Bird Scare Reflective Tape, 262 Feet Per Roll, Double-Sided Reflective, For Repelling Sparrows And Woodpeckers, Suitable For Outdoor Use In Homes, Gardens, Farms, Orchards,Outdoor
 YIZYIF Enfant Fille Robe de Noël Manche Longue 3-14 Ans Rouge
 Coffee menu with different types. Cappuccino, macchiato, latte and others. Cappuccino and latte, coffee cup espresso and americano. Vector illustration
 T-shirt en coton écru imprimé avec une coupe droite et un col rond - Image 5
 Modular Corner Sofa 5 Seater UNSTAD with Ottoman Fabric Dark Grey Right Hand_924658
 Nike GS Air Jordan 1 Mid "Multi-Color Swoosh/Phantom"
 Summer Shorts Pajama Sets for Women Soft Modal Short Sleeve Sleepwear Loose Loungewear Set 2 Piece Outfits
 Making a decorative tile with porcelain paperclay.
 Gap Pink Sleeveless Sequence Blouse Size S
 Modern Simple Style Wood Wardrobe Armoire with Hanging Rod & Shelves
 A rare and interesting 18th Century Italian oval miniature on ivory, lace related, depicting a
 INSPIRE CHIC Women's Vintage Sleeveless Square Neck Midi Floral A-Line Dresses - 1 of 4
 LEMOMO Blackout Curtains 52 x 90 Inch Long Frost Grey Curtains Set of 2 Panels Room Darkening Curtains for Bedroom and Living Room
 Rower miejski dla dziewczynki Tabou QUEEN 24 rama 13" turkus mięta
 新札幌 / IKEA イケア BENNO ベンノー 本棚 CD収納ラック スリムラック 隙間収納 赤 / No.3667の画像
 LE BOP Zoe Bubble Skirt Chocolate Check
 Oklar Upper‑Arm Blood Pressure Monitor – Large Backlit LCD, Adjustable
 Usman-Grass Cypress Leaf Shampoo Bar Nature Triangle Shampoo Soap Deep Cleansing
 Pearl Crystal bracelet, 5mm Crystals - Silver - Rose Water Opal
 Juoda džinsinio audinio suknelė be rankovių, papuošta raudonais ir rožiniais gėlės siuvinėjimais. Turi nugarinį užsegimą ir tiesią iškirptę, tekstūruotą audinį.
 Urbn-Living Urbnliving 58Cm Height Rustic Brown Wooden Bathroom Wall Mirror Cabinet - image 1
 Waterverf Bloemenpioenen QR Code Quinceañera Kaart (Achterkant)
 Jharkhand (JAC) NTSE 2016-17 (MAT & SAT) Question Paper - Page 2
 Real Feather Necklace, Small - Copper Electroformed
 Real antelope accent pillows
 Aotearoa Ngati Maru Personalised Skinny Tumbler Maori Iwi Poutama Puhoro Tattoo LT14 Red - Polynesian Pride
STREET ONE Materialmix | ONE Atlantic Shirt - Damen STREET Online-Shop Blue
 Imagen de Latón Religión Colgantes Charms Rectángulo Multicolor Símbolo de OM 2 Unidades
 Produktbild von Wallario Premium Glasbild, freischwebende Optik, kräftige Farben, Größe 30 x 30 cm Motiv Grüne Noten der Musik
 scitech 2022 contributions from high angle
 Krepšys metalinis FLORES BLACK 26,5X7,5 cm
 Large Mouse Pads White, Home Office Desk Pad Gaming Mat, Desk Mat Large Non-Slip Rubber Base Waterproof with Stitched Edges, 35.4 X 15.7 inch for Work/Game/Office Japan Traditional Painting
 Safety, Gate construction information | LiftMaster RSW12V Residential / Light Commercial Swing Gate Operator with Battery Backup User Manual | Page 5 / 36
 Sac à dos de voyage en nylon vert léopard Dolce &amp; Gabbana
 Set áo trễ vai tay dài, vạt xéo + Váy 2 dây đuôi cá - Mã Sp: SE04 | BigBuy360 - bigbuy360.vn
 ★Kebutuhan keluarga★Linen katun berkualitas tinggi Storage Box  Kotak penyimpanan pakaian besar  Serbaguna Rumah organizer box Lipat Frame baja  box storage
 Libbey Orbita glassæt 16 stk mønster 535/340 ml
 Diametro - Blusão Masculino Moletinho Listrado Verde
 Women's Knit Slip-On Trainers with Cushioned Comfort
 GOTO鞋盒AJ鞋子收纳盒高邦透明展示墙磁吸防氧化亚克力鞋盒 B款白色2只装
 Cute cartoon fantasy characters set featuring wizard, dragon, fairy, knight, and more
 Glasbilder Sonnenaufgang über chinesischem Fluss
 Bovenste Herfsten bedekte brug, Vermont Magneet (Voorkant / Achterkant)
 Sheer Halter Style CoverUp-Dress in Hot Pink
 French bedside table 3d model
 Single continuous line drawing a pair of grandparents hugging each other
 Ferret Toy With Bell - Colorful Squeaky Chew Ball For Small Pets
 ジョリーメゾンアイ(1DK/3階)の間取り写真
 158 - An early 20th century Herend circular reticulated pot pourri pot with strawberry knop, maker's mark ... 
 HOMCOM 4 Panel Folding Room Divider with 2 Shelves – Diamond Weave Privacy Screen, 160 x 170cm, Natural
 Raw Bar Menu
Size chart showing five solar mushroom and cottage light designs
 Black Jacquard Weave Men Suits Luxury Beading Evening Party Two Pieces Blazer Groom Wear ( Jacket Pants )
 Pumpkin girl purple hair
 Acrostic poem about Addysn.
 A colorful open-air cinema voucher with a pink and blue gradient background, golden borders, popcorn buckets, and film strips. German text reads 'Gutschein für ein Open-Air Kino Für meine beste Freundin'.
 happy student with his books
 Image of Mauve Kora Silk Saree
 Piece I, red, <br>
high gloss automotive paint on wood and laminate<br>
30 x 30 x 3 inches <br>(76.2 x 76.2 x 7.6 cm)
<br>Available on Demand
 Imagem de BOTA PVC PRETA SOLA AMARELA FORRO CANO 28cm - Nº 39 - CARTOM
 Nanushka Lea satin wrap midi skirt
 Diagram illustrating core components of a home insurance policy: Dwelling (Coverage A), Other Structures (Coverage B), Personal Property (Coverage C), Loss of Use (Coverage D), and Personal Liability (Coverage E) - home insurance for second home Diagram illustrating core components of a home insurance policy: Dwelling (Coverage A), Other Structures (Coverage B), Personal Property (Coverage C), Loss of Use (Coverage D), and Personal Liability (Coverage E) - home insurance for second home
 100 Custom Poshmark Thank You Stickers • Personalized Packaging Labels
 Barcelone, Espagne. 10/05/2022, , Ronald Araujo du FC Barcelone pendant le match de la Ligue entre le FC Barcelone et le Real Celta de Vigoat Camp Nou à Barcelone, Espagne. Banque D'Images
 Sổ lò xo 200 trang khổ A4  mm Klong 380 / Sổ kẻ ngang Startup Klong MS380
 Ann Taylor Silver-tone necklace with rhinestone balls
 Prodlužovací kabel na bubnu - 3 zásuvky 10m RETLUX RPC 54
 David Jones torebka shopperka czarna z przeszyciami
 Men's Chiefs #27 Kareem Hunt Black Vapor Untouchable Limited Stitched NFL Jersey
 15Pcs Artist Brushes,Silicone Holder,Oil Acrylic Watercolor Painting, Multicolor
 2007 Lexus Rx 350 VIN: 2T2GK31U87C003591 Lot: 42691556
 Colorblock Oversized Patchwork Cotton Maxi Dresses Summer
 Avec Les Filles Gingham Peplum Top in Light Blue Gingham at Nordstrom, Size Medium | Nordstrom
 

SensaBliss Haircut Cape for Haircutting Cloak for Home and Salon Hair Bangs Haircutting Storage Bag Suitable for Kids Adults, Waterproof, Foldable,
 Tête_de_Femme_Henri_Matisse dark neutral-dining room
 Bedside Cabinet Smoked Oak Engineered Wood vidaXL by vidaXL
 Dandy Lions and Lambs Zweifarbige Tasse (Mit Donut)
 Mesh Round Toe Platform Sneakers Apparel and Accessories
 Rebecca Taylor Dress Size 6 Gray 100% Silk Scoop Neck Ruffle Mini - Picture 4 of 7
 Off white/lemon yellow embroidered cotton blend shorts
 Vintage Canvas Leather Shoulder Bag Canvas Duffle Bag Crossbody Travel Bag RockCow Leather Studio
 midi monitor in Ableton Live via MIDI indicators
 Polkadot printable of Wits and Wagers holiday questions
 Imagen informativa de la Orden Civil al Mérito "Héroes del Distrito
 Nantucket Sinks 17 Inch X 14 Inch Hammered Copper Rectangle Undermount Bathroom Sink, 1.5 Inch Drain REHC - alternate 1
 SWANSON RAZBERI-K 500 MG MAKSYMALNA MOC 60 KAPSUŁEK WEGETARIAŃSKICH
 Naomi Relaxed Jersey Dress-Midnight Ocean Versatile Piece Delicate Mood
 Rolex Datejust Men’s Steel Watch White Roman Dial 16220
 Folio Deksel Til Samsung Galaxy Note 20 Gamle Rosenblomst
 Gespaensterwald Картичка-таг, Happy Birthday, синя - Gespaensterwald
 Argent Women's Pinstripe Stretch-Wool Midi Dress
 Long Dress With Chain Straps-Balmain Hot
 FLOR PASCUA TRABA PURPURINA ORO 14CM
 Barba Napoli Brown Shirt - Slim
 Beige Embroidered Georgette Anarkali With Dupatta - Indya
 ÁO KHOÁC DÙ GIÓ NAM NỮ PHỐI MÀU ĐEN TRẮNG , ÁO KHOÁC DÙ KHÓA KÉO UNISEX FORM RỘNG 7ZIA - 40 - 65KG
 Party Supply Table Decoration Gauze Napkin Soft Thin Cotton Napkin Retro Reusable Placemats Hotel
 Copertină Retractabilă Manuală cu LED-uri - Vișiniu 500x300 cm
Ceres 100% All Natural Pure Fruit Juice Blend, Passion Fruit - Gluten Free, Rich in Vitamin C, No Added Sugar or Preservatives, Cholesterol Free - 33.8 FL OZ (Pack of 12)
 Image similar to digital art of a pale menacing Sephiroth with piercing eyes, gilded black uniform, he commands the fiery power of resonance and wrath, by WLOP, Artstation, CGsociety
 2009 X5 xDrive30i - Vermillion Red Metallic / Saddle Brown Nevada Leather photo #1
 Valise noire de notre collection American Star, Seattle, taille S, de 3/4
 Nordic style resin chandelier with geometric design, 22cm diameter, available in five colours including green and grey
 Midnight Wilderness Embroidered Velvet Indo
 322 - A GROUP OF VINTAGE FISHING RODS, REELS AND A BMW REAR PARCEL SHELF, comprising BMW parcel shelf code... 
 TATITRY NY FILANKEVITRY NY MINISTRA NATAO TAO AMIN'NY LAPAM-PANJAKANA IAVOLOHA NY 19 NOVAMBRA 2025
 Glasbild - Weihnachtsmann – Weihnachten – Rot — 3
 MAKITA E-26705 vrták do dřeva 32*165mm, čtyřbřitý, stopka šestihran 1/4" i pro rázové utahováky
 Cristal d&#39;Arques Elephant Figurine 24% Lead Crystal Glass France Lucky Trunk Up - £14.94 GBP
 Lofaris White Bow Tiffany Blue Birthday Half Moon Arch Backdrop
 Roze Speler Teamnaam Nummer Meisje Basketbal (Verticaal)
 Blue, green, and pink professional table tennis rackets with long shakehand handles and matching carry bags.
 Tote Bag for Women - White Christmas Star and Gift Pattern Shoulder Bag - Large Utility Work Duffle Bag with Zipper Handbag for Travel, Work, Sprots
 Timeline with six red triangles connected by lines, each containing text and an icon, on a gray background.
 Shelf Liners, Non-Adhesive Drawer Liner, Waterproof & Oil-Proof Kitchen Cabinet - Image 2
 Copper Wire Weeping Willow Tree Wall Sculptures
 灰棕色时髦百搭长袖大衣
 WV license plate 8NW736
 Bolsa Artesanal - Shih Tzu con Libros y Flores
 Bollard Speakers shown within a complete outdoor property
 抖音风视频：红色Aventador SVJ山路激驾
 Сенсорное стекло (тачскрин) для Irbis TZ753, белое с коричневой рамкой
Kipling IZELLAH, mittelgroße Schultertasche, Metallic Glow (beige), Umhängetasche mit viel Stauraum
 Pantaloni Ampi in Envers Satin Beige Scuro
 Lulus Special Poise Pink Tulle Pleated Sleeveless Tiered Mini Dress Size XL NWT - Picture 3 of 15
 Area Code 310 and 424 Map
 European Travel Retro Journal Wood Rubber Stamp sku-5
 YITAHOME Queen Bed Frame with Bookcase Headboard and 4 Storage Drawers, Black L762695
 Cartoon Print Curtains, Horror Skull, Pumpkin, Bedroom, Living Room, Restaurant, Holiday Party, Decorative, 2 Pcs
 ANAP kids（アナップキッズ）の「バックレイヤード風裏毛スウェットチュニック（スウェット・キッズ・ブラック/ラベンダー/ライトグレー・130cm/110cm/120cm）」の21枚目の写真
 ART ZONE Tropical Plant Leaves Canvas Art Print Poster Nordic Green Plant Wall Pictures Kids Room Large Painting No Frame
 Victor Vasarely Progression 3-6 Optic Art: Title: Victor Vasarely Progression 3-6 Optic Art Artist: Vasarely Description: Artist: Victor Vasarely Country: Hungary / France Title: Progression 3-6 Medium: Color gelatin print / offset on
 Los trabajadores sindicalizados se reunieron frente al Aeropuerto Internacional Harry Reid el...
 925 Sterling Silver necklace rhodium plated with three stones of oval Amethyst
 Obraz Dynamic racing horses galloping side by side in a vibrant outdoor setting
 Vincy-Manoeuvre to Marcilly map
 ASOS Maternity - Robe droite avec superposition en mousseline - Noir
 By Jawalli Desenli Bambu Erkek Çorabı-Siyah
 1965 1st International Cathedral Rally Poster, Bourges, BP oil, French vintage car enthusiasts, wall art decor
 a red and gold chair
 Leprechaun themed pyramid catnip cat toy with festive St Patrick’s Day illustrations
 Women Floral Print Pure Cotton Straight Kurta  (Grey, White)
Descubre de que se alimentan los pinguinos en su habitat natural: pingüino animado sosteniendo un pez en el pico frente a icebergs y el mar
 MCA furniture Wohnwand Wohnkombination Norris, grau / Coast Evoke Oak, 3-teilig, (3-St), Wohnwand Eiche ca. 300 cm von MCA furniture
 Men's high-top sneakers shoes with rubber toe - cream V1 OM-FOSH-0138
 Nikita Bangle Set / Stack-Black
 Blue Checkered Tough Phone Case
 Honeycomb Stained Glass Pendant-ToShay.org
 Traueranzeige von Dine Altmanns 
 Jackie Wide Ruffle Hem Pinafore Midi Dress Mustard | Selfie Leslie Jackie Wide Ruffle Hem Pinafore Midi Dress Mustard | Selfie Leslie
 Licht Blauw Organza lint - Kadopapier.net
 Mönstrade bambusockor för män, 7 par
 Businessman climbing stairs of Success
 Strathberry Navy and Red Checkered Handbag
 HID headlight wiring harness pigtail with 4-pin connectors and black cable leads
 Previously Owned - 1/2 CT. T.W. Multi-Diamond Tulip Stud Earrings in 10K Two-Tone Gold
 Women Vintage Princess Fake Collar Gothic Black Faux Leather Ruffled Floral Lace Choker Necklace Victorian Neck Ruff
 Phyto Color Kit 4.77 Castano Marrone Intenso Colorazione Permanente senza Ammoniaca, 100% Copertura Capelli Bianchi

- About this exercise -
Look for the string "Medium" in the entries above. Copy every line that has it.

- Solution for this problem -
 Avec Les Filles Gingham Peplum Top in Light Blue Gingham at Nordstrom, Size Medium | Nordstrom
 Victor Vasarely Progression 3-6 Optic Art: Title: Victor Vasarely Progression 3-6 Optic Art Artist: Vasarely Description: Artist: Victor Vasarely Country: Hungary / France Title: Progression 3-6 Medium: Color gelatin print / offset on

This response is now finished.